Rendue en application de la législation antérieure à la réforme du divorce de 2004, la solution est transposable.

2. Dans un autre moyen, la Cour de cassation précise que la clause de reprise des apports adossée à une communauté universelle ne confère aux époux aucun avantage matrimonial.

La solution paraît évidente puisque, précisément, une telle clause a pour objet de remettre en question l'avantage matrimonial que représente, par exemple dans une communauté universelle, la mise en commun de biens qui sont en principe des biens propres.

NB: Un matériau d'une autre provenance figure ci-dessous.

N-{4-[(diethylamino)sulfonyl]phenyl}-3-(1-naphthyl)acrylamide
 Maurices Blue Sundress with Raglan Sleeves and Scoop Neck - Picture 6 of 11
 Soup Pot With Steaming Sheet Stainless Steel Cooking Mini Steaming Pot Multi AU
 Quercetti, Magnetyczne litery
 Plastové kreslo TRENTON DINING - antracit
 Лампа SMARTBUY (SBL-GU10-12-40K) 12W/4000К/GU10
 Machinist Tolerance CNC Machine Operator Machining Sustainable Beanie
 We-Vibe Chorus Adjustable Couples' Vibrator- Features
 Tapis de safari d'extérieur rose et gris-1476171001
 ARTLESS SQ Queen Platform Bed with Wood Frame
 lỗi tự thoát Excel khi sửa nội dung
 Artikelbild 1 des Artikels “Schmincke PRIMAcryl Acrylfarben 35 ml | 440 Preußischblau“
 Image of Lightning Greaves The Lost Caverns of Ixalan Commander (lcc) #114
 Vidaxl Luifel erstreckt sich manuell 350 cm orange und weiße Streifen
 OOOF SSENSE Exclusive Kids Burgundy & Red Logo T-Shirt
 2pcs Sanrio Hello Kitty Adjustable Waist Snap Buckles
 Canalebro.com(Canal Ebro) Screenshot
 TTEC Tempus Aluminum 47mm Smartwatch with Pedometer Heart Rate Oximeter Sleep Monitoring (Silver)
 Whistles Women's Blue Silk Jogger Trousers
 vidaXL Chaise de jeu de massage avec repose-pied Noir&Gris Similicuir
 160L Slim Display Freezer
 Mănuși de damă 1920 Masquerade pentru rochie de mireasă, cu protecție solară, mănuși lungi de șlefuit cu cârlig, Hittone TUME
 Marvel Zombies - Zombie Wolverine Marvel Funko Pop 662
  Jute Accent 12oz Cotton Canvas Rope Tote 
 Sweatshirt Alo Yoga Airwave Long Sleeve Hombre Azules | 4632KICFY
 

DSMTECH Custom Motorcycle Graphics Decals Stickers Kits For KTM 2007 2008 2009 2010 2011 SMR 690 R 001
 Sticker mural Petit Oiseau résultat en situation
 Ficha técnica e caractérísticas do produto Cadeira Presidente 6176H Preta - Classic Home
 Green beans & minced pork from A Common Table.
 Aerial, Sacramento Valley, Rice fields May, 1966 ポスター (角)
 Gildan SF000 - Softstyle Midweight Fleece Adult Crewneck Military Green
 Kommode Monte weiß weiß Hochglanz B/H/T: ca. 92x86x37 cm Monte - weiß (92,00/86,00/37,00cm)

Les circonstances de l'espèce étaient les suivantes : les époux s'étaient mariés sous le régime de la communauté universelle avec une clause de reprise des apports en cas de dissolution de la communauté pour une autre cause que le décès ; suite à leur divorce en 2002, l'épouse se prévalait de cette clause pour revendiquer la propriété du bien qu'elle avait reçu en donation de ses parents durant le mariage ; le mari, lui, soutenait que la clause ne pouvait pas s'appliquer aux motifs qu'elle constituait un avantage matrimonial et que celui-ci avait été automatiquement révoqué du fait du divorce aux tors exclusifs de sa femme.

La Cour de cassation refuse de suivre le mari dans cette démonstration. Notons que depuis la réforme du divorce entrée en vigueur le 1er janvier 2005, le sort des donations et avantages matrimoniaux consentis entre époux n'est plus lié à l'attribution des torts dans le divorce.